WHAT YOU WILL DO
The listing below holds a line with "G.H.BASS Fisherman Mary" and a line with "elastic waistband Smart". Reproduce those two lines exactly, plus everything between them.

DATASET EXCERPTS
------------------------------
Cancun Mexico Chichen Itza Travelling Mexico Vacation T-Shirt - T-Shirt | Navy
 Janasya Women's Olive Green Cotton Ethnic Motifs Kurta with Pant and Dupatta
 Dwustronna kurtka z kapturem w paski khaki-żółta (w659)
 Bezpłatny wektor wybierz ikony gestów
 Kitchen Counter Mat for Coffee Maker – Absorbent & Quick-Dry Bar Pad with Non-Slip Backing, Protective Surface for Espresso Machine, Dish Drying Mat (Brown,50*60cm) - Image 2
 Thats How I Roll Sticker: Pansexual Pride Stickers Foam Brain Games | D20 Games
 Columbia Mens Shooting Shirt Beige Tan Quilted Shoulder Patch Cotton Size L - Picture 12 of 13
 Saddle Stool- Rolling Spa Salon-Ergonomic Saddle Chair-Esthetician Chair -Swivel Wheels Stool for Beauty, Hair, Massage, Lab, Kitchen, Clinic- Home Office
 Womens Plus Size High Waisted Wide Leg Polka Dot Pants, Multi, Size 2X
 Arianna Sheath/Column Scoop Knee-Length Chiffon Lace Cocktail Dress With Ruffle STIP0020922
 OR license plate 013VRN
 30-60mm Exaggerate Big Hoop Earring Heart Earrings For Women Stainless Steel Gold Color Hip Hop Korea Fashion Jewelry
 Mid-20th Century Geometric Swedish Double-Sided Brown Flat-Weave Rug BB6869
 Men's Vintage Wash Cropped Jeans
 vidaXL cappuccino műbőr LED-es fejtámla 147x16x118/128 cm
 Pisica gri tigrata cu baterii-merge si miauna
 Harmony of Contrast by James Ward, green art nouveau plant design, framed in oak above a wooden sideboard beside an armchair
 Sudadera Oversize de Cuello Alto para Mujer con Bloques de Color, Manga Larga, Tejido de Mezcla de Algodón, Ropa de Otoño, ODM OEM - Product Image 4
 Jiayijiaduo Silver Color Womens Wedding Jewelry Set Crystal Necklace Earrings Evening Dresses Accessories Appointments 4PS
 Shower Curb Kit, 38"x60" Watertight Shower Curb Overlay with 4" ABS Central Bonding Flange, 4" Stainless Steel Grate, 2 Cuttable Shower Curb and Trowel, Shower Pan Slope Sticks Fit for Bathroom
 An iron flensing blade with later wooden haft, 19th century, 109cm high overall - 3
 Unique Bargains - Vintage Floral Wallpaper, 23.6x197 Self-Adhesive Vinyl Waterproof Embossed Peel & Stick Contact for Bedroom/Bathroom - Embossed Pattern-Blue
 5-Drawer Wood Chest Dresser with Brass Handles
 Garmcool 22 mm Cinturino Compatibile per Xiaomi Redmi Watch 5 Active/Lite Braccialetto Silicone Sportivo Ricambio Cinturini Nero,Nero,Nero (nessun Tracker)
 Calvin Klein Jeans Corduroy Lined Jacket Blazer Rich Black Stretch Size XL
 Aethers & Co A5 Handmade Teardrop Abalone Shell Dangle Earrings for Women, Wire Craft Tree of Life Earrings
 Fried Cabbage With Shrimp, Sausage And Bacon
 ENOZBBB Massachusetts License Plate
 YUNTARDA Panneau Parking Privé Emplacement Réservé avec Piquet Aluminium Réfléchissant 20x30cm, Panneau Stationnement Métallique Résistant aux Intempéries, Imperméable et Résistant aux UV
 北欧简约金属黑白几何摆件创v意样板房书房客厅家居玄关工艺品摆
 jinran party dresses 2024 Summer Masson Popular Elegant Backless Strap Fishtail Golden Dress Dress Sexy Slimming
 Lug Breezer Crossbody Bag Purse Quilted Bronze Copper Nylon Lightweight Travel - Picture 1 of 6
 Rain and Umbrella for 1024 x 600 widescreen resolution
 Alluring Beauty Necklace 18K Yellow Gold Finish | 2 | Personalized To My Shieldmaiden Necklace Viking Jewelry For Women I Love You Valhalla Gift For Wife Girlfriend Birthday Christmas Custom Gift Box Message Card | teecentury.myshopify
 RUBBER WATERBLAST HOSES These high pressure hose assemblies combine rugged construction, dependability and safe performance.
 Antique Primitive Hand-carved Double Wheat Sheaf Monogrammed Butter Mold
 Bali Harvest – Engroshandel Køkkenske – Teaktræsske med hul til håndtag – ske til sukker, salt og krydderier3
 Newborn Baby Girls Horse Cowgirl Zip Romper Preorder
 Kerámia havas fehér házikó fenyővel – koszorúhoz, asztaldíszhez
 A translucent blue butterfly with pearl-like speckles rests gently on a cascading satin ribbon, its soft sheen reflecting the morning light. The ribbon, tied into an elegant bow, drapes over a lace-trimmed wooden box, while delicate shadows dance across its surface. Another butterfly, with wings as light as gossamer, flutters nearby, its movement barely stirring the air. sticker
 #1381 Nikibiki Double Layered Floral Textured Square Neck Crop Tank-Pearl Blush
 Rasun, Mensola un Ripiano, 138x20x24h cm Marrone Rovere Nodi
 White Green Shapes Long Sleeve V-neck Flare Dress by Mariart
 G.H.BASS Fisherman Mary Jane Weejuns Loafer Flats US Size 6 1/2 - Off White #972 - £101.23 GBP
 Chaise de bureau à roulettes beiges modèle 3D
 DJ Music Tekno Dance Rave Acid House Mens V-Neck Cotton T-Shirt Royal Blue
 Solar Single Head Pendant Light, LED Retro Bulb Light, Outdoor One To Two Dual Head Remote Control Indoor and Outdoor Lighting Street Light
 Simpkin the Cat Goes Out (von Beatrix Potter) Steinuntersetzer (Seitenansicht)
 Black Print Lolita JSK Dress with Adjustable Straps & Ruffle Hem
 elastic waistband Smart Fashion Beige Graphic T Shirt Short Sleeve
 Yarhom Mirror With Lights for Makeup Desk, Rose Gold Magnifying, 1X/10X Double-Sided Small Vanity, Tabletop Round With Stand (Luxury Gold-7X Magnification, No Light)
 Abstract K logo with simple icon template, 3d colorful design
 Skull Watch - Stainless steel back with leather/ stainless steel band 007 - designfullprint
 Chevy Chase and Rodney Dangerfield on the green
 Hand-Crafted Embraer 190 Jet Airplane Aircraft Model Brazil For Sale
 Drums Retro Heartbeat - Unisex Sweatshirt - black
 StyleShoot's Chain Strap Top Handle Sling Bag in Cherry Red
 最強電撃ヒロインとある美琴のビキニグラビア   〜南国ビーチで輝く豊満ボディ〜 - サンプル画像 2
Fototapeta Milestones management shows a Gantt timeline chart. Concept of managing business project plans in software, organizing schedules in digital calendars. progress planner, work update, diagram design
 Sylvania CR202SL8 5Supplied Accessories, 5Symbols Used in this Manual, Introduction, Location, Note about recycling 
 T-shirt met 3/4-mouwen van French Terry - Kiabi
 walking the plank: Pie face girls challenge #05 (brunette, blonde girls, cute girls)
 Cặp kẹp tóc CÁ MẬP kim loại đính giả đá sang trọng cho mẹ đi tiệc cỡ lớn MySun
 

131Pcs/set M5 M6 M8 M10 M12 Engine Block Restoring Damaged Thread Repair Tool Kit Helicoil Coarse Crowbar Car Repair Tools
------------------------------
RESULT OF THE EXERCISE
 G.H.BASS Fisherman Mary Jane Weejuns Loafer Flats US Size 6 1/2 - Off White #972 - £101.23 GBP
 Chaise de bureau à roulettes beiges modèle 3D
 DJ Music Tekno Dance Rave Acid House Mens V-Neck Cotton T-Shirt Royal Blue
 Solar Single Head Pendant Light, LED Retro Bulb Light, Outdoor One To Two Dual Head Remote Control Indoor and Outdoor Lighting Street Light
 Simpkin the Cat Goes Out (von Beatrix Potter) Steinuntersetzer (Seitenansicht)
 Black Print Lolita JSK Dress with Adjustable Straps & Ruffle Hem
 elastic waistband Smart Fashion Beige Graphic T Shirt Short Sleeve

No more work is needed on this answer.